Il doit être présentable, bien écrit,
agréable à lire, précis, c'est un outil
et une base de départ pour un travail à faire.
Avant de faire mon premier court-métrage, j'ai tenté
le concours de l'école de cinéma de Bruxelles
l'INSAS. Je l'ai raté, et ça m'a pas mal contrarié,
mais finalement
J'ai fait mon premier court Les
héros sont immortels (1990) et j'ai beaucoup
appris en le faisant. J'aurais gagné énormément
de temps pour me constituer un carnet d'adresses en faisant
une école de cinéma comme la FEMIS, car en
étant veilleur de nuit à l'université
de Toulouse, je ne pouvais pas aller très loin !
J'ai tourné mon court-métrage pendant mes
semaines de congés salariaux, j'ai obtenu l'aide
du GREC (Groupement de Recherche d'Essais Cinématographiques)

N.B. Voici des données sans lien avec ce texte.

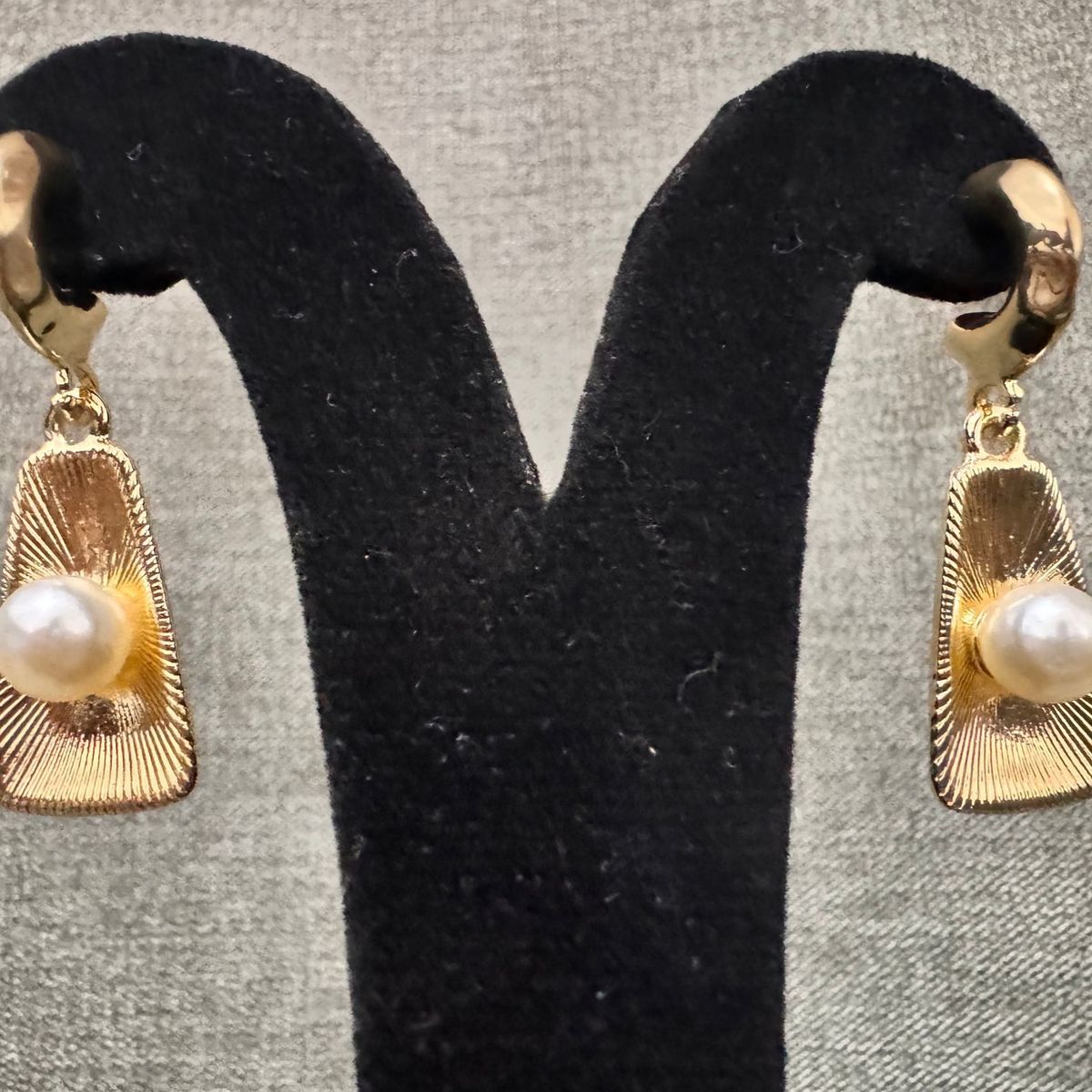 GENERICO - Aretes perlas trapecio en dorado cultivadas de agua dulce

et 35 000 francs, une somme importante pour moi, qui représentait
la moitié d'une année de salaire ! C'était
en 16mm. Je tiens d'ailleurs à la pellicule cinéma,
j'aime cette prise de risques, qui t'oblige à très
bien préparer ton tournage, à faire gaffe
à chaque prise. Le matériel était évidemment
loué, j'avais reçu aussi 18 000 francs de
la Région Midi-Pyrénées, 4 000 francs
de Blagnac, une ville proche de Toulouse où il y
avait un atelier audiovisuel, et un emprunt personnel que
j'ai pu rembourser. Je suis arrivé à un budget
de 60 000 francs.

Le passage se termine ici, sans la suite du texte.